Speaking Point: TIP THREE: Auditions may also involve scripts. It could be a commercial with just a few lines, but it could be a few scenes if it is for film or TV. Being prepared and being “off book” (having the script memorized) is professional. Your child should hold the script in their hand, but only refer to the script if absolutely necessary. This is why your child is there - to show the casting director, director, and producers that she can do the work.
Speaking Point: TIP FOUR: A director or casting director has so many balls in the air, which is why they so appreciate their actors being pros. This includes being on time, having picture and resume on hand (making sure the resume is stapled to the back of the photo - facing out), and being quiet and respectful in the lobby. If you think they don't monitor the waiting area, think again. They often plant family members or assistants as moles to help weed out the difficult stage parents. Don’t be one.
Speaking Point: TIP FIVE: If you are on top of all of the above, your child and you have no reason to be nervous. Still it can be challenging to stay calm. Florence Henderson, of “Brady Bunch” fame recently told me that she still gets nervous when she auditions. Some nervousness is good if it turns to energy in the audition room. As for you, as a parent, just stay attentive to your own child and that will keep you distracted from your own anxiety.

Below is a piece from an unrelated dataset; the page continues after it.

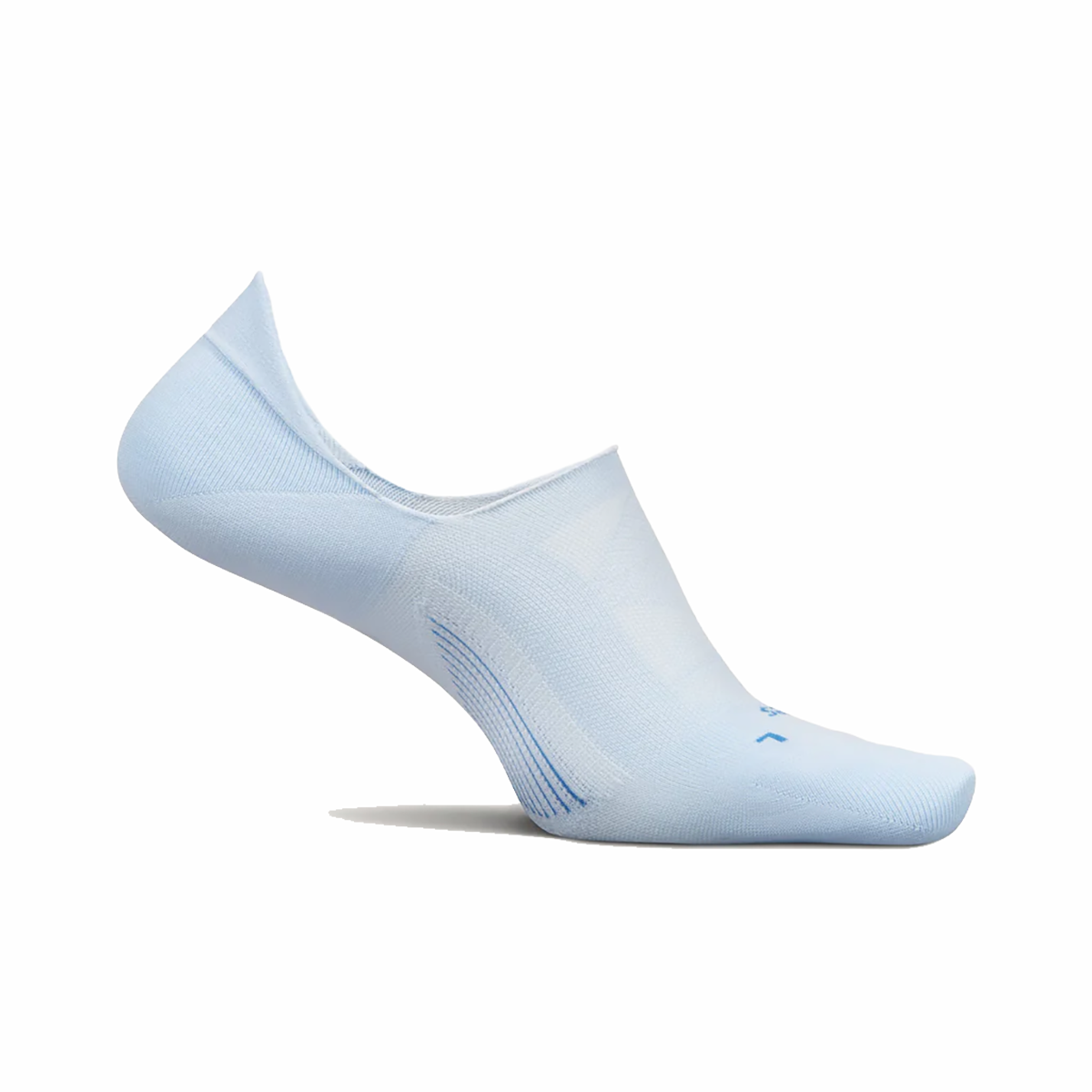 Feetures Elite Ultra Light Invisible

Speaking Point: Remember, there will be lots of other kids brought in for the same role. Everyone has worked hard to get there and it is best to have your child stay focused on what she is there to do. It is natural to want to look around and check out the competition. I very often will have a parent call me and say, “My child will NEVER book this job! The kids are all so much taller, or they are all redheads, or they are so much younger than little Jessica.” Or “Jacob was in there only 2 minutes but everyone else was in there 5 minutes.” And then they are completely shocked when their child books the job. Remember let the casting director do the casting. You have to trust in the process and believe in your team - the agent and manager who sent your child on this audition in the first place.